Em meio às tensões na região, esses reatores podem “garantir a condução tranquila de exercícios militares”, segundo pesquisadores de um instituto afiliado ao Conselho de Estado, em um artigo de 2020.

A Comissão Nacional de Desenvolvimento e Reforma da China, que aprova projetos nucleares, deu sinal verde para três tipos de reatores de energia flutuante atualmente em desenvolvimento. De acordo com um relatório de 2022 da Agência Internacional de Energia Atômica (AIEA), a construção de um está programada para começar este ano.

Mas o progresso tem sido irregular. A China esperava estrear sua primeira usina nuclear flutuante até 2021, mas engenheiros envolvidos no projeto revelaram desafios, incluindo preocupações dos reguladores com segurança e viabilidade.

Pequim começou a fazer ilhas artificiais em atóis remotos e recifes de coral no Mar do Sul da China há mais de uma década – construindo portos, pistas de pouso, quartéis e hangares. Apesar de um compromisso do presidente, Xi Jinping, em 2015, de não militarizá-las, o país colocou desde então baterias antinavio e antiaéreas nas três maiores ilhas – Subi, Mischief e Fiery Cross Reefs –, pousou aeronaves nas pistas e atracou navios de guerra nos portos, alarmando os EUA e aliados regionais.

Em 2016, dois dias antes de a mídia estatal chinesa relatar o plano do governo de construir reatores, um tribunal internacional em Haia decidiu que Pequim não tinha base legal para reivindicação sobre esses recifes, alguns dos quais estavam dentro da zona econômica exclusiva de 200 milhas náuticas das Filipinas.

OCUPAÇÃO. Thomas Shugart, um membro do Centro para uma Nova Segurança Americana, disse que o desdobramento de usinas nucleares flutuantes pela China “equivaleria a um reforço” da ocupação chinesa das ilhas artificiais.

“A operação desses reatores flutuantes dentro do que são essencialmente instalações militares também aumentaria os riscos, que são maiores do que aqueles associados aos submarinos americanos posicionados em portos no exterior”, disse Shugart, ex-oficial de guerra submarina da Marinha.

“Ao contrário dos submarinos nucleares dos EUA, que normalmente são desligados logo após atracarem e operam apenas em níveis de potência baixos no porto, esses reatores, provavelmente, estariam operando em níveis de potência elevados quase o tempo todo para fornecer energia elétrica”, acrescentou.

Alguns especialistas do Mar do Sul da China estão céticos. “Estamos ouvindo falar sobre isso há quase uma década, e não há nenhum reator”, disse Gregory Poling, que lidera a Iniciativa de Transparência Marítima da Ásia, no Centro de Estudos Estratégicos e Internacionais.
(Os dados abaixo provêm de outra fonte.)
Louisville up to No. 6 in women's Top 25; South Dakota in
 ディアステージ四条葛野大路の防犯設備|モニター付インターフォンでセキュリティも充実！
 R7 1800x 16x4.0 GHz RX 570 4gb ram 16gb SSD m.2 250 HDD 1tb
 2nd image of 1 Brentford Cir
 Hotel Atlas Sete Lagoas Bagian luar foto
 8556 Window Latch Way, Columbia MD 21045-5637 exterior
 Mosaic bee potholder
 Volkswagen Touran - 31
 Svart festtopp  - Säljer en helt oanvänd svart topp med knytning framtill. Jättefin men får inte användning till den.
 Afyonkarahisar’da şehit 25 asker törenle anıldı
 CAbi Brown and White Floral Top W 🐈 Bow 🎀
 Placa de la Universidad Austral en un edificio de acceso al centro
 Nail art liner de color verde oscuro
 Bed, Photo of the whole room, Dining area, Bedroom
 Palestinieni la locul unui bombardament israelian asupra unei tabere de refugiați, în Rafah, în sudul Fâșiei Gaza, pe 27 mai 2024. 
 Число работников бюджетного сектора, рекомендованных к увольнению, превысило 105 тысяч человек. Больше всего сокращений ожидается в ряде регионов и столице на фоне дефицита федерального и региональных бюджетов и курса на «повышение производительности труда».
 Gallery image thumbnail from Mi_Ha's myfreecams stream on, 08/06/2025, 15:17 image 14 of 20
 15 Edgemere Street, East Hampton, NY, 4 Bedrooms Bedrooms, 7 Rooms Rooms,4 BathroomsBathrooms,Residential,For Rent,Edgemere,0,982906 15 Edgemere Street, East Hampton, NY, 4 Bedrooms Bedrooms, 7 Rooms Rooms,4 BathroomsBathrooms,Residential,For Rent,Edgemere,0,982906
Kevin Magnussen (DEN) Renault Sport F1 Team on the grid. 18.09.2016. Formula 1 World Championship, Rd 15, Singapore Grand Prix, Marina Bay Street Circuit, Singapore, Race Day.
Ele afirmou que os reatores flutuantes são menos viáveis do que energia solar, eólica e diesel. “A China está fazendo muitas outras coisas mais preocupantes que me deixam sem dormir à noite.”

Muitos especialistas da indústria nuclear são otimistas em relação às tecnologias da próxima geração, como reatores flutuantes ou modulares pequenos, como uma forma de os países atenderem à crescente demanda de energia, ao mesmo tempo que reduzem as emissões de dióxido de carbono, um gás de efeito estufa. Mas mesmo os defensores reconhecem que existem desafios significativos.

RISCOS. Cientistas e ambientalistas afirmam que usinas nucleares flutuantes têm vulnerabilidades únicas em comparação com seus equivalentes em terra, que um acidente catastrófico poderia liberar contaminantes radioativos no oceano, como ocorreu durante o acidente nuclear de Fukushima, no Japão, em 2011.

Em terra firme, os reatores nucleares e seu combustível geralmente são protegidos dentro de estruturas de contenção de concreto e aço com até 1,5 metro de espessura. Um reator projetado para flutuar no mar não seria tão robusto, disse o físico e diretor de segurança de energia nuclear na União dos Cientistas Preocupados, Edwin Lyman.

Um reator flutuante estaria vulnerável a um ataque malicioso ou sabotagem por agressores subaquáticos, ou às forças destrutivas de um tsunami ou tempestade extrema, disse Lyman. A Bacia do Pacífico é a região mais propensa a tsunamis, afirmaram autoridades.